Been diagnosed with rheumatoid arthritis a few weeks ago and starting methotrexate tomorrow which I’m starting on 10mg for 2 weeks then 15mg for 2 weeks then 20mg from there, also 5mg of folic acid the other six days and 5mg of prednisone for now but reducing it.
Do I need to worry about anything ?
Looking for general advice on both methotrexate and what I need to do and what to look out for in general.
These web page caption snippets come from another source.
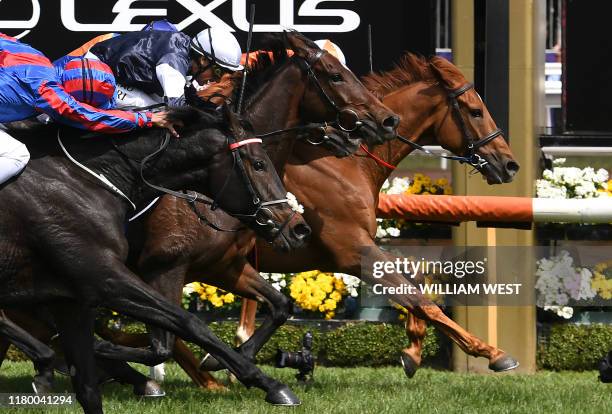 Jockey Craig Williams onboard Vow and Declare wins the Melbourne Cup horse race in Melbourne on November 5, 2019. / -- IMAGE RESTRICTED TO EDITORIAL...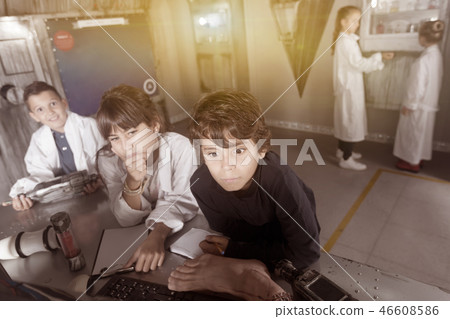 children solve tasks in the bunker quest room 46608586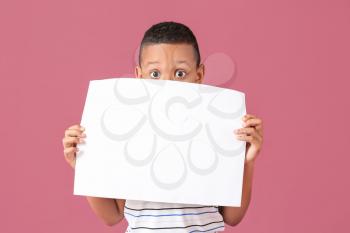 Little African-American boy with blank poster on color background�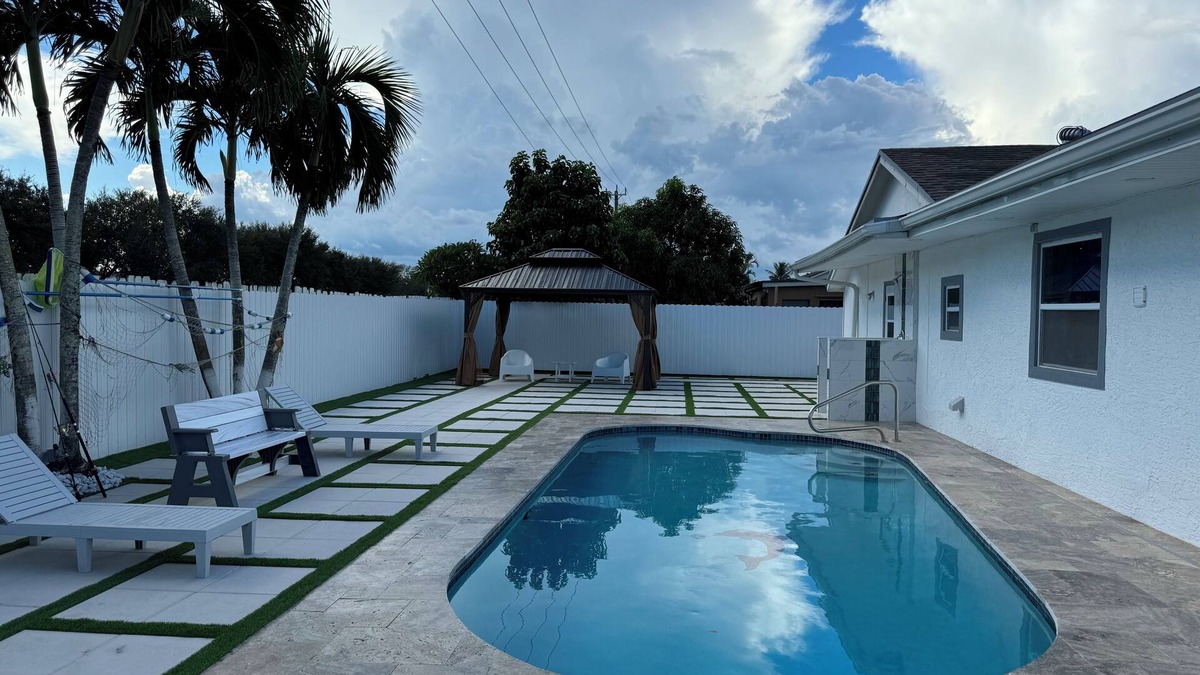 Royal Palm Beach House | Remodeled cozy family house with heated pool, 10 min from the airport!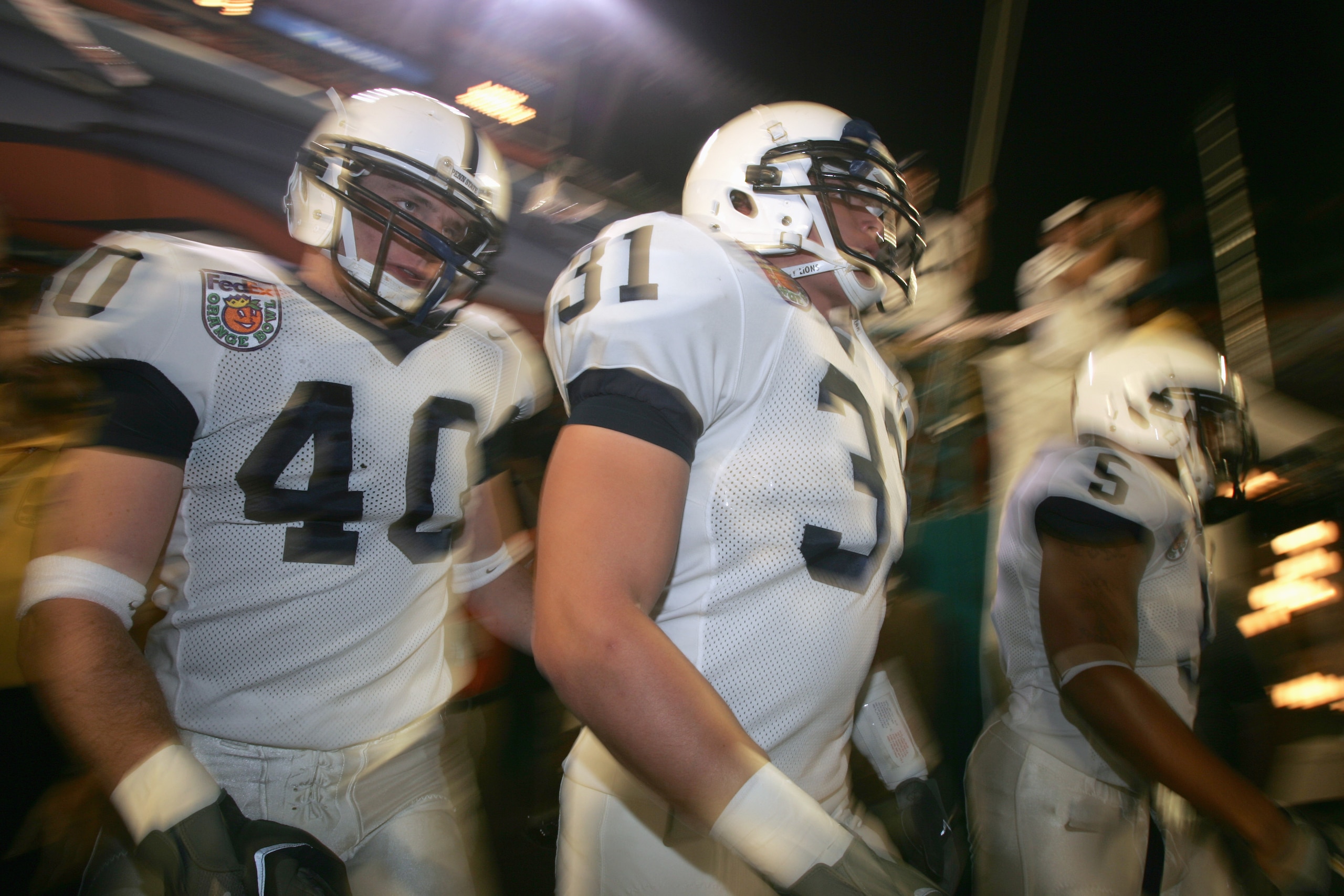 MIAMI GARDENS, FL - JANUARY 3:  Paul Posluszny #31 and Dan Connor #40 of the Penn State Nittany Lions walk out of the tunnel during the FedEx Orange Bowl against the Florida State Seminoles at Dolphins Stadium on January 3, 2005 in Miami Gardens, Florida.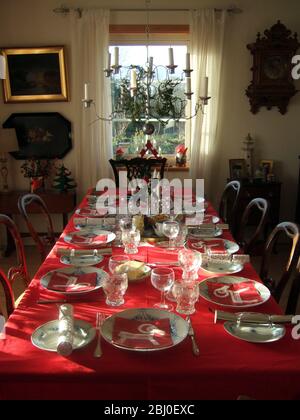 Lumière du soleil brillant à l'intérieur avec une longue table posée pour le repas de Noël avec nappe rouge et la meilleure chine, - Banque D'Images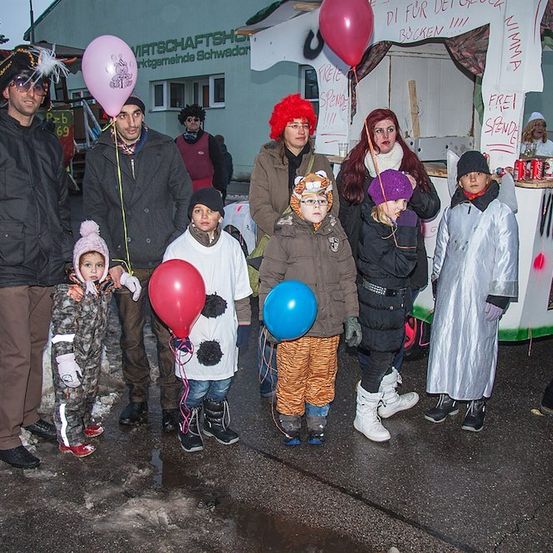 Eine Gruppe von Menschen in verschiedenen Kostümen, darunter ein Pirat, eine Kuh und ein Tiger, steht vor einem dekorierten Stand mit Luftballons und einem Schild, das 'Frei Spende' steht.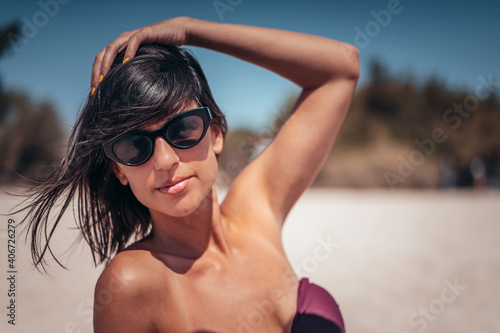Young beautiful woman having fun at beach. Summer photo of young beautiful girl. Female on beach enjoying sea vacation traveling © Vladimir Borovic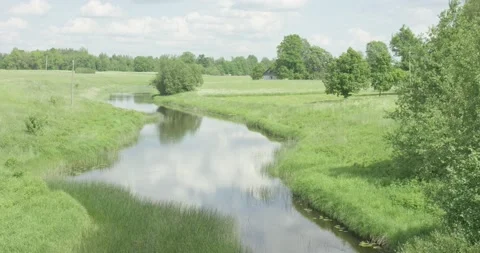 Medium size river flowing through green meadows in a sunny summer day Stock Footage 159980773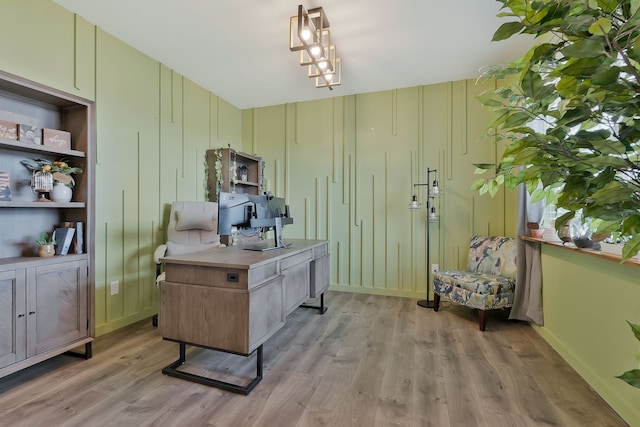 office area with light hardwood / wood-style floors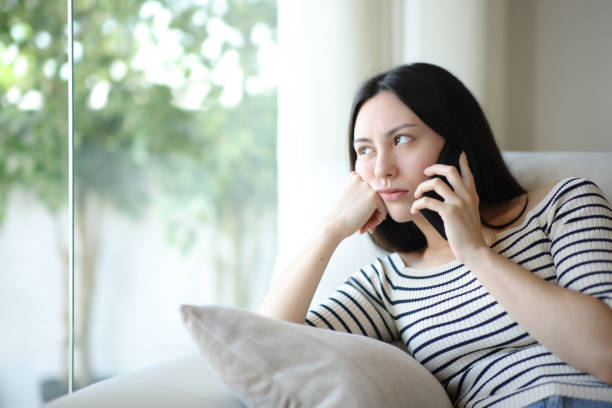 Bored asian woman waiting in a phone conversation at home stock photo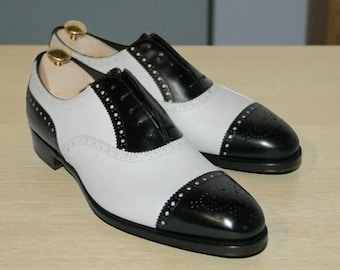 Scarpa Oxford Brogue da uomo in pelle bicolore bianca e nera, realizzata a mano, con punta a coda di rondine. Scarpa da uomo con cucitura Goodyear.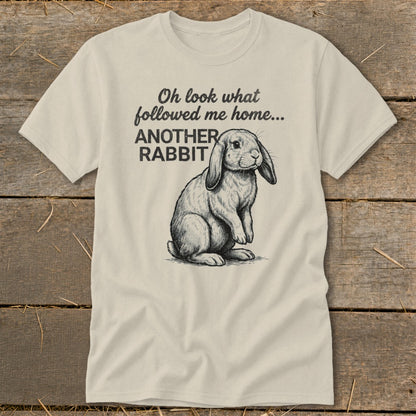 Light beige t-shirt with sketch of rabbit and text "Oh look what followed me home... ANOTHER RABBIT".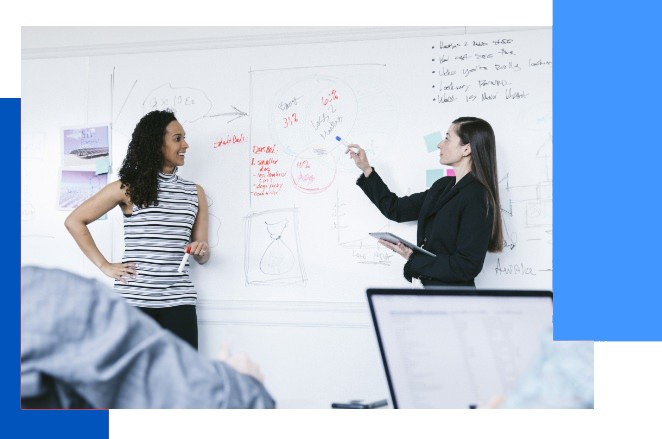 Two people in front of a white board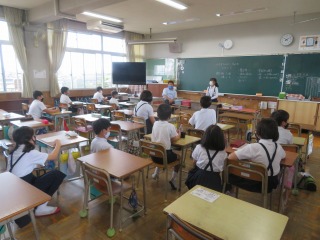 町別児童会で登校の様子を反省したり，夏休みのくらしに好いて話を聞いたりする子供たち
I’d just say don’t look for problems it’s not for everyone but is commonly used here, USA etc. We are all different so take each day as it comes and give it time, often side effects if you get any are temporary. I found it helpful to take DMARDS at night but not sure if that would help you. I hope it works and I know it’s hard but RA is a long journey best undertaken with positivity and patience. X
You will read many stories of the side effects that come with it, but what you read isn’t a true reflection as those not impacted by it, aren’t on forums as much. I’ve been on it 7yrs, with no side effects, except hair thinning slightly, which settled down. I also take it at night, to sleep through any potential side effects.
Don’t expect miracles straight away, it takes 3 months plus to start really having an effect. Meanwhile you have the steroids till the MTX kicks in.
Once your on >20mg MTX your eligible for the COVID boosters. Hopefully you will find it helps, if not there are other options to explore.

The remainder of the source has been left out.